[SUPPLIED INFORMATION]

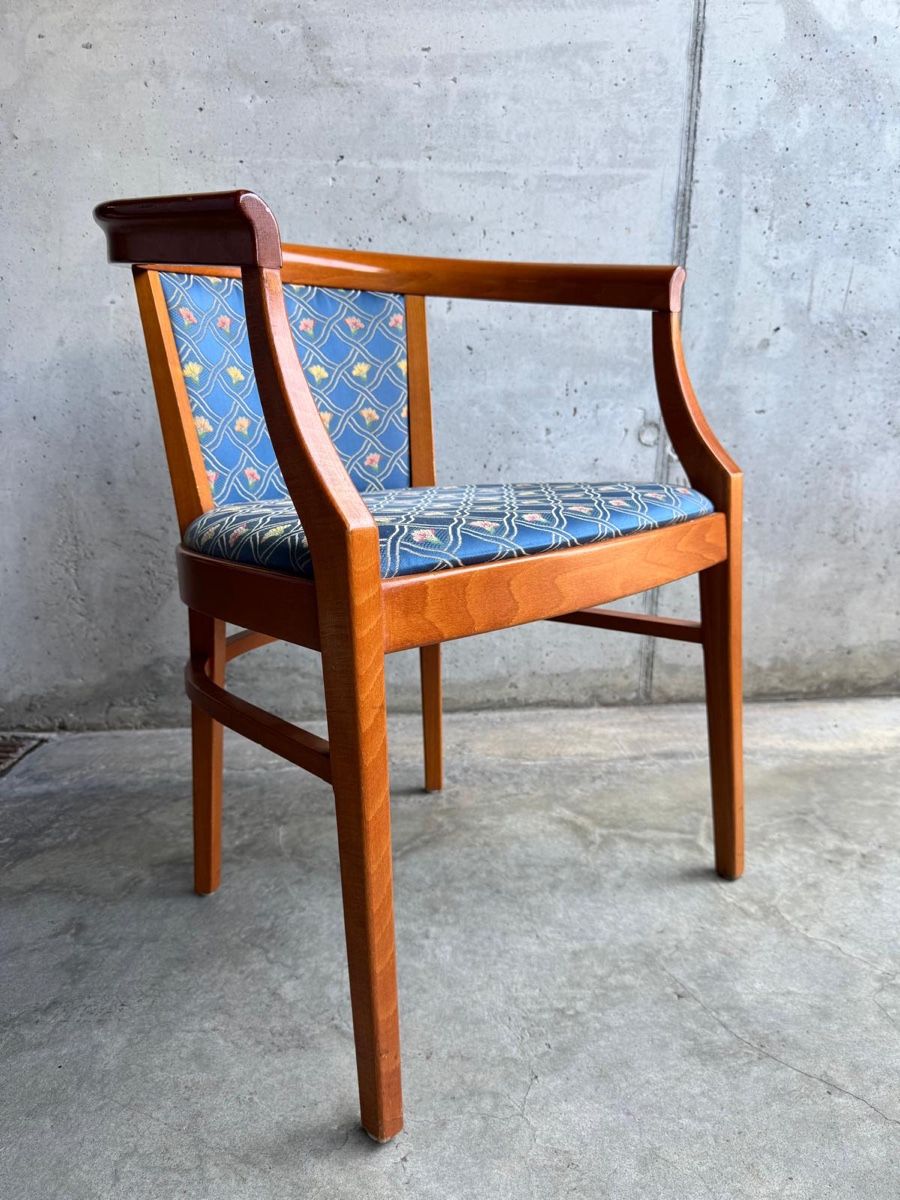 Chaises: Restaurant-Business Stühle – D'occasion à Castel San Pietro par lau_cf6w 3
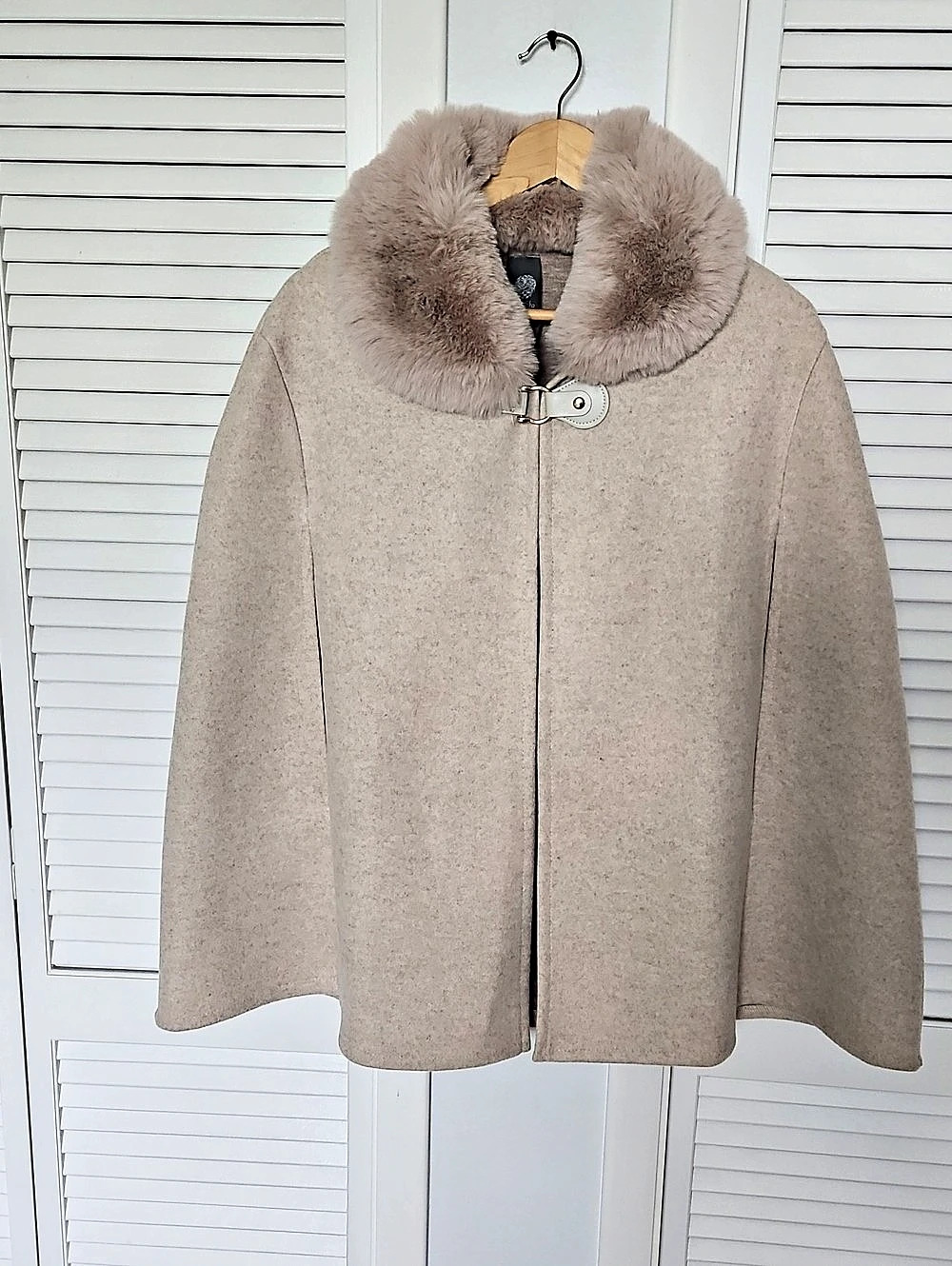 Vince Camuto Faux Fur Trim Cape in Beige
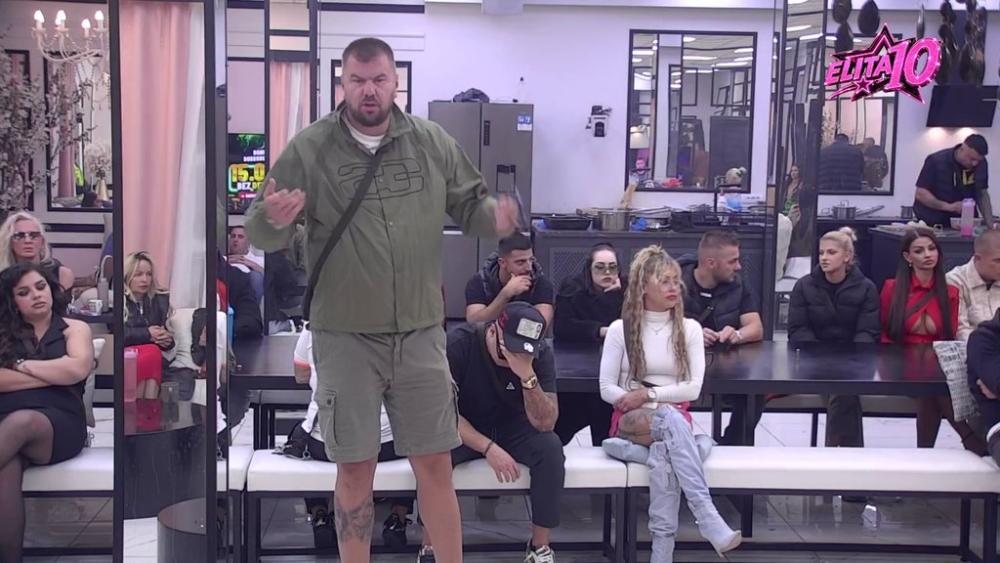 Uz nju sam i verujem joj, ne želim da... Janjuš misli da Kačavenda ne poseduje video zapise Sandrinog susreta sa Bajom na Zlatimoru! Odradovićeva negira da je tamo kročila: Kunem se... (VIDEO)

[/SUPPLIED INFORMATION]

Leaving out the pictures, transcribe the material above exactly.

> _RESPONSE BOX_:
 Chaises: Restaurant-Business Stühle – D'occasion à Castel San Pietro par lau_cf6w 3
 Vince Camuto Faux Fur Trim Cape in Beige
 Uz nju sam i verujem joj, ne želim da... Janjuš misli da Kačavenda ne poseduje video zapise Sandrinog susreta sa Bajom na Zlatimoru! Odradovićeva negira da je tamo kročila: Kunem se... (VIDEO)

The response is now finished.